Message-ID: <1418015529.1095.26.camel@bling.home>
Subject: Re: [v2 18/25] KVM: kvm-vfio: implement the VFIO skeleton for VT-d
 Posted-Interrupts
From: Alex Williamson <alex.williamson@redhat.com>
To: "Wu, Feng" <feng.wu@intel.com>
Cc: Eric Auger <eric.auger@linaro.org>,
        "tglx@linutronix.de" <tglx@linutronix.de>,
        "mingo@redhat.com" <mingo@redhat.com>, "hpa@zytor.com" <hpa@zytor.com>,
        "x86@kernel.org" <x86@kernel.org>, "gleb@kernel.org" <gleb@kernel.org>,
        "pbonzini@redhat.com" <pbonzini@redhat.com>,
        "dwmw2@infradead.org" <dwmw2@infradead.org>,
        "joro@8bytes.org" <joro@8bytes.org>,
        "jiang.liu@linux.intel.com" <jiang.liu@linux.intel.com>,
        "linux-kernel@vger.kernel.org" <linux-kernel@vger.kernel.org>,
        "iommu@lists.linux-foundation.org" <iommu@lists.linux-foundation.org>,
        "kvm@vger.kernel.org" <kvm@vger.kernel.org>
Date: Sun, 07 Dec 2014 22:12:09 -0700
In-Reply-To: <E959C4978C3B6342920538CF579893F0022E2DC0@SHSMSX104.ccr.corp.intel.com>
References: <1417592394-24343-1-git-send-email-feng.wu@intel.com>
	 <1417592394-24343-19-git-send-email-feng.wu@intel.com>
	 <54807F5C.4050607@linaro.org>
	 <E959C4978C3B6342920538CF579893F0022E2DC0@SHSMSX104.ccr.corp.intel.com>
Content-Type: text/plain; charset="UTF-8"
Mime-Version: 1.0
Content-Transfer-Encoding: 7bit
Sender: linux-kernel-owner@vger.kernel.org

On Mon, 2014-12-08 at 04:58 +0000, Wu, Feng wrote:
> 
> > -----Original Message-----
> > From: Eric Auger [mailto:eric.auger@linaro.org]
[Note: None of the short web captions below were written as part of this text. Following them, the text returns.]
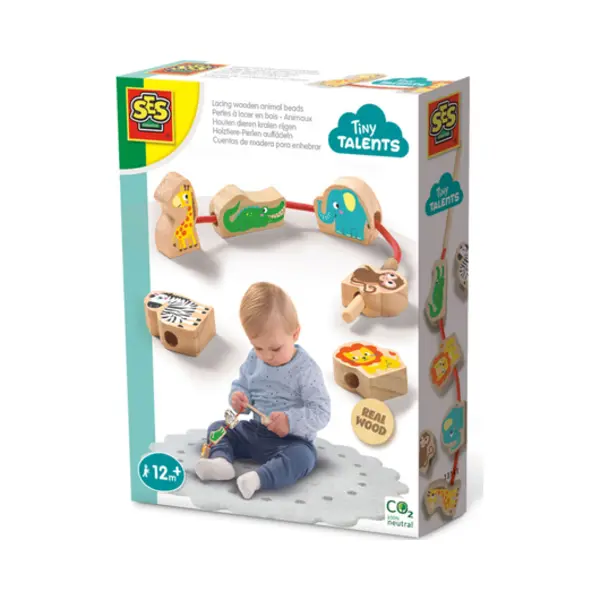 Ses Creative Tiny Talents - Houten dierenkralen rijgen - Montessori - veilig rijgkoord met hout - makkelijk voor de kleine handjes - Speelgoed 1 jaar thumbnail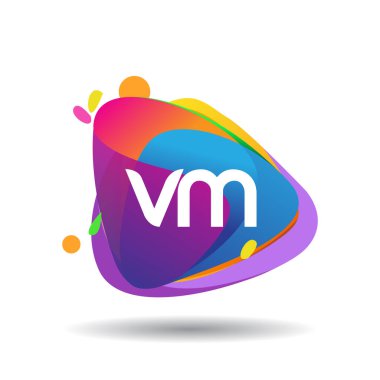 Renkli arka planlı VM logosu, yaratıcı endüstri, web, iş ve şirket için harf kombinasyonu tasarımı.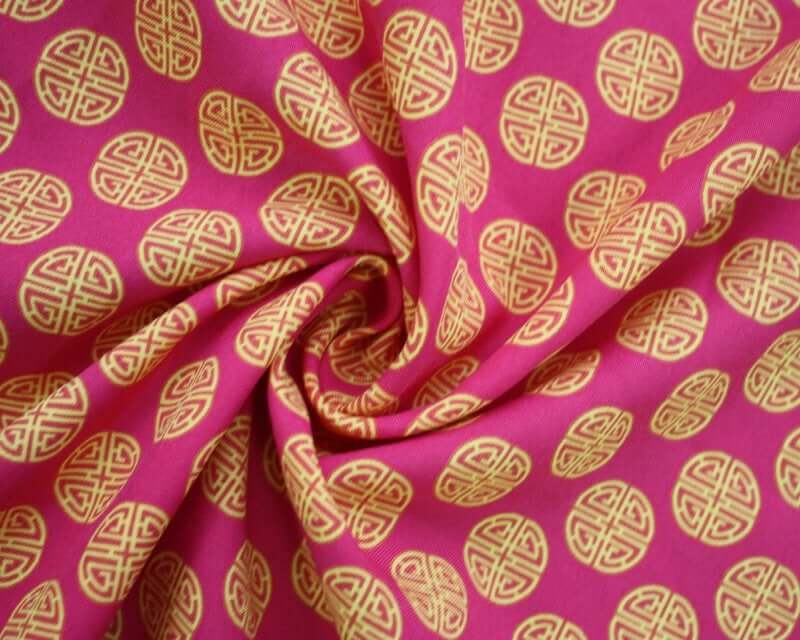 Chinese 'Lu' Prosperity Symbol Bi-Stretch Dress Fabric. By the metre. Cerise pink and charcoal grey.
> > Sent: Thursday, December 04, 2014 11:36 PM
> > To: Wu, Feng; tglx@linutronix.de; mingo@redhat.com; hpa@zytor.com;
> > x86@kernel.org; gleb@kernel.org; pbonzini@redhat.com;
> > dwmw2@infradead.org; joro@8bytes.org; alex.williamson@redhat.com;
> > jiang.liu@linux.intel.com
> > Cc: linux-kernel@vger.kernel.org; iommu@lists.linux-foundation.org;
> > kvm@vger.kernel.org
> > Subject: Re: [v2 18/25] KVM: kvm-vfio: implement the VFIO skeleton for VT-d
> > Posted-Interrupts
> > 
> > Hi Feng,
> > 
> > On 12/03/2014 08:39 AM, Feng Wu wrote:
> > > This patch adds the kvm-vfio interface for VT-d Posted-Interrrupts.
> > > When guests updates MSI/MSI-x information for an assigned-device,
> > update
> > > QEMU will use KVM_DEV_VFIO_DEVICE_POSTING_IRQ attribute to setup
> > > IRTE for VT-d PI. This patch implement this IRQ attribute.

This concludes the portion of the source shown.